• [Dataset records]
####

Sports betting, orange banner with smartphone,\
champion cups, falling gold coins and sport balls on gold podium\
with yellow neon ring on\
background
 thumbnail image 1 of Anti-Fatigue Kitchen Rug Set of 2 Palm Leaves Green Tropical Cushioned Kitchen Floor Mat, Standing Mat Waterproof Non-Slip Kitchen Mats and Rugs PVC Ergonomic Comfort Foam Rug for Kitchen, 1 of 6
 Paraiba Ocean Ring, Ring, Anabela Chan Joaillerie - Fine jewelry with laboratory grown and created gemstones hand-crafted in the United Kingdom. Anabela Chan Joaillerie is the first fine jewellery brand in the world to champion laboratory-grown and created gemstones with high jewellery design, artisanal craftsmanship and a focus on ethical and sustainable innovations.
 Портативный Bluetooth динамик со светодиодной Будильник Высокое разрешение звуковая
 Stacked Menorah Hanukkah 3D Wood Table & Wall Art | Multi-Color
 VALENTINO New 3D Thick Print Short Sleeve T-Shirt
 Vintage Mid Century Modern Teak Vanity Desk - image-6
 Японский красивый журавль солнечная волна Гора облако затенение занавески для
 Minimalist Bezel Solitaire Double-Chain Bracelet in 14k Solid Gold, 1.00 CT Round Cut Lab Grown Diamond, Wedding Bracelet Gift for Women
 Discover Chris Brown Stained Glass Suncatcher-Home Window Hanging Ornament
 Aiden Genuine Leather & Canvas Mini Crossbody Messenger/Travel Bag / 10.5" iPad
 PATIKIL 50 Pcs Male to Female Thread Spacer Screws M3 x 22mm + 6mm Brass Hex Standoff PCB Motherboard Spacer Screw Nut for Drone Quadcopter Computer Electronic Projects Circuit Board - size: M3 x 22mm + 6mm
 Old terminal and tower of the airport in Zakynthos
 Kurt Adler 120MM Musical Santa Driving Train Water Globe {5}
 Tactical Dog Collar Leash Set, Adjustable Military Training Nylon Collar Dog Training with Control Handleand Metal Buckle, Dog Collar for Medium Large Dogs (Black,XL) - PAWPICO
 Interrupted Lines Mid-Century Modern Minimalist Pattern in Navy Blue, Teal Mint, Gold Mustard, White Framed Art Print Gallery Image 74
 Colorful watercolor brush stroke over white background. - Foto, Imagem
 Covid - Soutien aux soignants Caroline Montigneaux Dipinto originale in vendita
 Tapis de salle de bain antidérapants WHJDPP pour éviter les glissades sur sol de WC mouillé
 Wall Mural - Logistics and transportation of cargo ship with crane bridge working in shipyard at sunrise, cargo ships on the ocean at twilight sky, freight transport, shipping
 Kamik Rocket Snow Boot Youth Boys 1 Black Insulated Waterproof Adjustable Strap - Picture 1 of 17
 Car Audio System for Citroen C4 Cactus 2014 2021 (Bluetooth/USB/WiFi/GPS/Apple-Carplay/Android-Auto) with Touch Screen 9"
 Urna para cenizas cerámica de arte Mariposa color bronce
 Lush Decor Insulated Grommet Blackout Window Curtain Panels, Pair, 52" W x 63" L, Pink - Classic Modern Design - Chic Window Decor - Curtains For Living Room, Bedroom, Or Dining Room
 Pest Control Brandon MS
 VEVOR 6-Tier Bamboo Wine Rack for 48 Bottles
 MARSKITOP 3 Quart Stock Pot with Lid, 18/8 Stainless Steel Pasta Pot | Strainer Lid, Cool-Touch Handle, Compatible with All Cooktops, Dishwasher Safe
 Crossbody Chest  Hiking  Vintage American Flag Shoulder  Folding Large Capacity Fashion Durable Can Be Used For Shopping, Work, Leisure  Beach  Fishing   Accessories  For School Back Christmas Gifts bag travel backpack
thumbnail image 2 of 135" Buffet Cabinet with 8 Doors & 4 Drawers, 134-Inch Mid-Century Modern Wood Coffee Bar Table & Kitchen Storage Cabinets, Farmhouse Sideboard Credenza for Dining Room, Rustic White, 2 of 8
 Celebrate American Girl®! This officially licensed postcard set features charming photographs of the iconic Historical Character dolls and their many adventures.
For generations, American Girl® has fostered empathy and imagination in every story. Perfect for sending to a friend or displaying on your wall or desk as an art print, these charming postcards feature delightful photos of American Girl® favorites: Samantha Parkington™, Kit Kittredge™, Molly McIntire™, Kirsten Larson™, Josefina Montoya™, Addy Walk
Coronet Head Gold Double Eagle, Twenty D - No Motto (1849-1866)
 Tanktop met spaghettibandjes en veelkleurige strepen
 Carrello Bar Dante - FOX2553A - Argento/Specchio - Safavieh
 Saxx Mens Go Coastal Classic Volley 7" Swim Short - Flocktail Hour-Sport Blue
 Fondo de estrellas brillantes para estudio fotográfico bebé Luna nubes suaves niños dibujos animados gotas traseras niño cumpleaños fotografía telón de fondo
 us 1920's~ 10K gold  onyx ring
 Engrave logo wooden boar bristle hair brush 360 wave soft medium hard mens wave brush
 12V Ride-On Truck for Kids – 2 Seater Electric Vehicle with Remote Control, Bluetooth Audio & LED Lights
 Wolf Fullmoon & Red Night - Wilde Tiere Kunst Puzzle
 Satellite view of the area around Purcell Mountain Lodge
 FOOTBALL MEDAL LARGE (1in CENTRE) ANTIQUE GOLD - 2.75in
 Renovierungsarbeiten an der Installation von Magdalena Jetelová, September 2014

####

• [Aim of the exercise] Retype exactly, and only, the lines above from the one where "Interrupted Lines Mid-Century" occurs up to and including the one where "Wall Mural - Logistics" occurs.

• [Task solution]
 Interrupted Lines Mid-Century Modern Minimalist Pattern in Navy Blue, Teal Mint, Gold Mustard, White Framed Art Print Gallery Image 74
 Colorful watercolor brush stroke over white background. - Foto, Imagem
 Covid - Soutien aux soignants Caroline Montigneaux Dipinto originale in vendita
 Tapis de salle de bain antidérapants WHJDPP pour éviter les glissades sur sol de WC mouillé
 Wall Mural - Logistics and transportation of cargo ship with crane bridge working in shipyard at sunrise, cargo ships on the ocean at twilight sky, freight transport, shipping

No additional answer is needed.